The function of the consumer secret is really just to let the remote OAuth-enabled Web service know who is making the request—kind of like a user agent string. In the context of a desktop or mobile client application, it's basically superfluous and shouldn't be trusted in any capacity.

Against all reason, Twitter requires every single application—including desktop and mobile software—to supply a consumer key and a consumer secret. To make matters worse, Twitter intends to systematically invalidate compromised keys. This means that when somebody extracts the key from a popular desktop Twitter client and publishes it on the Internet, Twitter will revoke access to the service for that client application. All of the users who rely on the compromised program will be locked out and will have to use other client software or the Twitter website in order to access the service.

To restore access after a key is exposed and invalidated, the developer of the compromised application will have to register a new key, embed the key in a new version of the program, deploy the new version to end users, and get the users to go through the authorization process again. This is going to be especially challenging for developers who rely on distribution channels like the iPhone application store, which have a lengthy review process. They could find themselves in a situation where their users are locked out for weeks when a key is compromised.

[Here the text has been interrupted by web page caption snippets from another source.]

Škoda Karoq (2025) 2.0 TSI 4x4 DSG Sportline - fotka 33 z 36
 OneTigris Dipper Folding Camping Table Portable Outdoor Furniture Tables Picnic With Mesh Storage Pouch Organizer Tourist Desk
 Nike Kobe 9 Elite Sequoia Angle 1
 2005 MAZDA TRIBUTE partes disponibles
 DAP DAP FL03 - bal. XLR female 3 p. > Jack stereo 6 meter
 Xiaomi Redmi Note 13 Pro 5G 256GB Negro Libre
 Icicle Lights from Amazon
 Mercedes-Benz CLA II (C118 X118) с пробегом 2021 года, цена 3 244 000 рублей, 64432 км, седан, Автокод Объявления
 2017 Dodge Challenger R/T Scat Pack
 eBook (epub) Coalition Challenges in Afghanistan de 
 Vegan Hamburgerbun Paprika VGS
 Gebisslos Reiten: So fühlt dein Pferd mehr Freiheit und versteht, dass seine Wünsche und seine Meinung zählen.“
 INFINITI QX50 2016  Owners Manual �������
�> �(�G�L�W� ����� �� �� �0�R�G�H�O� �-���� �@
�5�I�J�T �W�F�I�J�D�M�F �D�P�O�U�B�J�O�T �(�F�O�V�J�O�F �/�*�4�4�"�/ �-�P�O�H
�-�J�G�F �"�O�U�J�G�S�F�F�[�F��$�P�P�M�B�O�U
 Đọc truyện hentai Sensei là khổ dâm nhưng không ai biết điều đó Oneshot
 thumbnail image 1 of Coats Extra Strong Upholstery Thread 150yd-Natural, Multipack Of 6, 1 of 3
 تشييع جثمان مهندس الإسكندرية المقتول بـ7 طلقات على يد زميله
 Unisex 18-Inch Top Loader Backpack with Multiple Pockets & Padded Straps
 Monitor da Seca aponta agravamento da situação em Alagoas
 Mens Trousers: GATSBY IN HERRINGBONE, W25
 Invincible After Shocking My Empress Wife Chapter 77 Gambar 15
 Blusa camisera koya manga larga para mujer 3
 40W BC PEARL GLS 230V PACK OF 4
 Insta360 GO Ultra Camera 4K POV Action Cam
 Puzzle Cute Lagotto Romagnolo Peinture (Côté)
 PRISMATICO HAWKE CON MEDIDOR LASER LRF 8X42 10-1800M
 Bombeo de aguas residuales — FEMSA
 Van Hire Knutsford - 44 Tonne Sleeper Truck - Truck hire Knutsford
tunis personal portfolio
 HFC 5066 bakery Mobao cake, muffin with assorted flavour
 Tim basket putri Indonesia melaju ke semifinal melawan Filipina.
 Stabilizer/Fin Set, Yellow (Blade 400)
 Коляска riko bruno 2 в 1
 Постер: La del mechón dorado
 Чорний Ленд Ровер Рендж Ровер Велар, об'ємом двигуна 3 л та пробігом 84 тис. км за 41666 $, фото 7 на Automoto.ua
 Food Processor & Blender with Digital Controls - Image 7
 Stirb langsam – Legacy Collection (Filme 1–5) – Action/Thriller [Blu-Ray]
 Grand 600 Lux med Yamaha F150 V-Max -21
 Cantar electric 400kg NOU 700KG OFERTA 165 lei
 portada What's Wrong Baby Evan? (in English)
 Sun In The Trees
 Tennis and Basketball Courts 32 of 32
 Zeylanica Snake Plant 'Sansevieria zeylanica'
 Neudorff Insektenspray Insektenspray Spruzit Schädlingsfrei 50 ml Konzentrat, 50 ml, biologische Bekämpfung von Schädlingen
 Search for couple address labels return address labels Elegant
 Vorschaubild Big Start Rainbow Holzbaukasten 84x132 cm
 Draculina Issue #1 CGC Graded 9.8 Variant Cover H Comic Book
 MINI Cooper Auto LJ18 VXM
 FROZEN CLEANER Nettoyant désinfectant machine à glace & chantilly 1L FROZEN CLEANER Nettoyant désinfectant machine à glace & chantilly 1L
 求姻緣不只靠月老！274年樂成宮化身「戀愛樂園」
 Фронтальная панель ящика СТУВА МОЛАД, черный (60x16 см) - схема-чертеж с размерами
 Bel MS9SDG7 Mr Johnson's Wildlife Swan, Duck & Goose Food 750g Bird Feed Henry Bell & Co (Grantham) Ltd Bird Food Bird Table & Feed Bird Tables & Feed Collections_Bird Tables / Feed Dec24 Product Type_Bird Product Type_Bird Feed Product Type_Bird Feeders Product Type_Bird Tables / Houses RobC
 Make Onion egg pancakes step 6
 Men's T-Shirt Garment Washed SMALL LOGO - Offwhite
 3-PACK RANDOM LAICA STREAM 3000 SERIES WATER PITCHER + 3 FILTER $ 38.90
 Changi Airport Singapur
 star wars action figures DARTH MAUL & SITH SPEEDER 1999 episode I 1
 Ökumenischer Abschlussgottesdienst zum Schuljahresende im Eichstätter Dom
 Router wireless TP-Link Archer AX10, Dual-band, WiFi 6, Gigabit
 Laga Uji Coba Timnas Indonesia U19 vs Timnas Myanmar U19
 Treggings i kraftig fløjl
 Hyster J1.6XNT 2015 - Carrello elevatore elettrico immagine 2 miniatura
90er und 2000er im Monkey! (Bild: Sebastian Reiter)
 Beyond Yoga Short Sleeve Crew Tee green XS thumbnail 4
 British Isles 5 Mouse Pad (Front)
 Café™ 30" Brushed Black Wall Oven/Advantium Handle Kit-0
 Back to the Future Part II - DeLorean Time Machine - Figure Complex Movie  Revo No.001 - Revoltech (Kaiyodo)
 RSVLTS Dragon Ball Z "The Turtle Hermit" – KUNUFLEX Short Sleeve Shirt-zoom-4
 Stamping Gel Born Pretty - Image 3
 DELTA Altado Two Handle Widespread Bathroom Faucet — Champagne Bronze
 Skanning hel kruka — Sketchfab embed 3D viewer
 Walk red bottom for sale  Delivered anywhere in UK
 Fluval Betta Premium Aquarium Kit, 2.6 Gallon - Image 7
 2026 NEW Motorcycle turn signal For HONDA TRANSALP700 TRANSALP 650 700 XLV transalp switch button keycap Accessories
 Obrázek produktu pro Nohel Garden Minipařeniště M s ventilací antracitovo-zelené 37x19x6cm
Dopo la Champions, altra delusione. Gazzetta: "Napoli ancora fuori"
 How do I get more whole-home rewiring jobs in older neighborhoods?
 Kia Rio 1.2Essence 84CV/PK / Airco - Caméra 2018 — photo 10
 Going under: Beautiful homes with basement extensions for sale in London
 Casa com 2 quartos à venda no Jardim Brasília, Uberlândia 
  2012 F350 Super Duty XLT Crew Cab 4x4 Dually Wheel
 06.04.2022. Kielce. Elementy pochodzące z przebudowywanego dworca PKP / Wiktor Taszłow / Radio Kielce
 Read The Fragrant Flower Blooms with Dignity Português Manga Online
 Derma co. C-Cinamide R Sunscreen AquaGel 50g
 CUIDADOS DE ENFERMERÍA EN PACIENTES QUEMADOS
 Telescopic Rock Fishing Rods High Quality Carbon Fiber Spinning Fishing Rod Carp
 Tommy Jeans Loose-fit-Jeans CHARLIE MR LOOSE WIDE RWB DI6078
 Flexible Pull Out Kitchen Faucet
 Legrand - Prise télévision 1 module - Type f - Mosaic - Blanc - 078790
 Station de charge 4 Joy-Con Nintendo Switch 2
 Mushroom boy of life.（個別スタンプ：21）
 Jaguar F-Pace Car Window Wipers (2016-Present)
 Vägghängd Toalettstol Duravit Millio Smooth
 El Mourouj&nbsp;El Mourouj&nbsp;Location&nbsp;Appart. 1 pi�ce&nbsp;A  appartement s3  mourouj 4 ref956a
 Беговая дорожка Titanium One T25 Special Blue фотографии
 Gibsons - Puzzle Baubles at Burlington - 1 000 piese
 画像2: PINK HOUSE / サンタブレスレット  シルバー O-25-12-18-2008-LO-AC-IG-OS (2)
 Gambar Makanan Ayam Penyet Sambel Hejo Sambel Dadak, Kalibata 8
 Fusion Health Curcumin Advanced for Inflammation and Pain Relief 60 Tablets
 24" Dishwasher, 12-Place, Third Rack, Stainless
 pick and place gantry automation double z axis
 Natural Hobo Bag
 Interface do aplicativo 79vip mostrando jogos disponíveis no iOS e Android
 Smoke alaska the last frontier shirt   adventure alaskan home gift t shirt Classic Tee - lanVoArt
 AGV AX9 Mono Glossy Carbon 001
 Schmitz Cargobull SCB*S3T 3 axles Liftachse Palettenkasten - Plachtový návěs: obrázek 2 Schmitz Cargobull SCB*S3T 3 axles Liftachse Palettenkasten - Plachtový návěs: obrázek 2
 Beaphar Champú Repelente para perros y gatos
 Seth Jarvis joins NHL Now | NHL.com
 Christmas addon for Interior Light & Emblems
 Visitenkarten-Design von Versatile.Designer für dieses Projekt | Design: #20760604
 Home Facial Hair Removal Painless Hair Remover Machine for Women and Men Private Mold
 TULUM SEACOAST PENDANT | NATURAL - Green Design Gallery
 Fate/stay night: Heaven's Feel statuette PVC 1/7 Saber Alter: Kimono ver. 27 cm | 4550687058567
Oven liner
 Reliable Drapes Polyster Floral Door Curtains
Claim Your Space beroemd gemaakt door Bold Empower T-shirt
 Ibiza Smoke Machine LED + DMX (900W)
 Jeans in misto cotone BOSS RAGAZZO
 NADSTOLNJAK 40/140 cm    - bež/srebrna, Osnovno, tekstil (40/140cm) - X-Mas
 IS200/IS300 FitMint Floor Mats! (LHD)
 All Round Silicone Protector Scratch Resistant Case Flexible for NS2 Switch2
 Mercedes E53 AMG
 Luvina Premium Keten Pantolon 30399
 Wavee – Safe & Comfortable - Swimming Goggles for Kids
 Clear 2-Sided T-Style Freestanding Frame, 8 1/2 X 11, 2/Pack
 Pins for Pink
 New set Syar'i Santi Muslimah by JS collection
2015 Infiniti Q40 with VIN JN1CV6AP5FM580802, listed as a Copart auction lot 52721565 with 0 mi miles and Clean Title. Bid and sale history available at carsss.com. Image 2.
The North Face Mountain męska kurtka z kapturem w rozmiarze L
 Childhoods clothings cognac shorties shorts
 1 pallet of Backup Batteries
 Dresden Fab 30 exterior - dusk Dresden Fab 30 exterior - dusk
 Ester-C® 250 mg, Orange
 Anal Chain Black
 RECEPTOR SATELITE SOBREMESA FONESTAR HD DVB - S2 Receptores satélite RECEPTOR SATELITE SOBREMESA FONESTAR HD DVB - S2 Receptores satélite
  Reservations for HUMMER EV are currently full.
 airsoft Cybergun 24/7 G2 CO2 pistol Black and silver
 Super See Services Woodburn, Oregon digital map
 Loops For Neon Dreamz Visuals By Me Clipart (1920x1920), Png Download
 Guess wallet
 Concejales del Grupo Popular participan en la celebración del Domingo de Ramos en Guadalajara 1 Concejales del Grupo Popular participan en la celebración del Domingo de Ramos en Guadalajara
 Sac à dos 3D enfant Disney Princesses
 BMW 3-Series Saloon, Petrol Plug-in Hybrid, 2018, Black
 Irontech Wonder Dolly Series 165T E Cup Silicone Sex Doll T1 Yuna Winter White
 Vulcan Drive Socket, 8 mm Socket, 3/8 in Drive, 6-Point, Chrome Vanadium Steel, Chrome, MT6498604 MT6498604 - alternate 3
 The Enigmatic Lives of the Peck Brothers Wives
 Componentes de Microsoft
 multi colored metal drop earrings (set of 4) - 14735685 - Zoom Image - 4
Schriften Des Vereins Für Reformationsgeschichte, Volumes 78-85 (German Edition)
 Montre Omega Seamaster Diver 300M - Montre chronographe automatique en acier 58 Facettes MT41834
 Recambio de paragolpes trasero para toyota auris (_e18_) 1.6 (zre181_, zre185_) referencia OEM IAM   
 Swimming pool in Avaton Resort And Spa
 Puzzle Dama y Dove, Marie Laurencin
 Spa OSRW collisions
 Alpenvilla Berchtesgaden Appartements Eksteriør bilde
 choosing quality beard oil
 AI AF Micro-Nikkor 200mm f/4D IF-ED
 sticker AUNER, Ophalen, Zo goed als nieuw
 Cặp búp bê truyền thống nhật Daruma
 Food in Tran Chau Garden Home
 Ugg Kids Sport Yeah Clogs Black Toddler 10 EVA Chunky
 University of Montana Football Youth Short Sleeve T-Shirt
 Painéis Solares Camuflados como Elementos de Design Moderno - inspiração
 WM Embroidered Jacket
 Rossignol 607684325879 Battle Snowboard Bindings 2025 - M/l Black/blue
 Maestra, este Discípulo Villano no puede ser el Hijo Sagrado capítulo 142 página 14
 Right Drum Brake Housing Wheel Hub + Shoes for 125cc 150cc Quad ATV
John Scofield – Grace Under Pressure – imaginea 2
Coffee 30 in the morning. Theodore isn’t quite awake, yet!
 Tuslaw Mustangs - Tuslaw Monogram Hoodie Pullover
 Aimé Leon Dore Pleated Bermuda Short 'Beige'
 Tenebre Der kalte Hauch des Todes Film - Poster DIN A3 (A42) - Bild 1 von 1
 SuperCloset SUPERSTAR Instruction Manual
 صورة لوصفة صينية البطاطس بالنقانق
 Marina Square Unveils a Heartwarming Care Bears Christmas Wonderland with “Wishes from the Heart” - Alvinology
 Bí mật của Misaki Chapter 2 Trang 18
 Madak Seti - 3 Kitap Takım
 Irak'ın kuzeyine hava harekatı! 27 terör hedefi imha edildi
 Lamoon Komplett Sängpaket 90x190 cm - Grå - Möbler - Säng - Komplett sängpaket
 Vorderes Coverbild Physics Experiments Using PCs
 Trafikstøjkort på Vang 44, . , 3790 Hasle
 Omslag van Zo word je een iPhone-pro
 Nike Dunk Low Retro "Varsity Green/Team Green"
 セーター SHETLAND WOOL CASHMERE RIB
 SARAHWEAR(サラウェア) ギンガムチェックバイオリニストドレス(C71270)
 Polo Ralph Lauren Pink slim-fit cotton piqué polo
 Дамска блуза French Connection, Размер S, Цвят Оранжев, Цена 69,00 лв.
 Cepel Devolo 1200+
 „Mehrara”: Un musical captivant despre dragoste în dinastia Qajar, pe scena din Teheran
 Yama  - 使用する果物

When this happens, the users will simply get authentication errors and will have no way of knowing the cause. They will likely switch to a different client application rather than waiting for the developer of their preferred client software to issue an update with a new key. It's obvious that this could be enormously problematic for client application developers—the risk alone could potentially deter developers from wanting to write software that works with Twitter.

When some concerned third-party developers brought this issue to Twitter's attention, the company refused to change course and responded by saying that they expect developers to take a "best-effort security" approach to protecting the integrity of their keys. Twitter acknowledges that it will always be possible for a determined attacker to extract the consumer secret from a desktop or mobile client application, but the company believes that such attacks will largely be deterred if developers take basic steps to obscure and obfuscate their keys in their source code.

The issue here is that Twitter wants to use the keys as an abuse control mechanism to centrally disconnect spammers and other unwanted users of the service, but OAuth was simply not designed to be used for that purpose. The idea is that centrally disabling a spammer's consumer secret key will lock out all of the spammer's user accounts, theoretically simplifying spam control for Twitter. It's unlikely that this naive strategy will work in practice, however.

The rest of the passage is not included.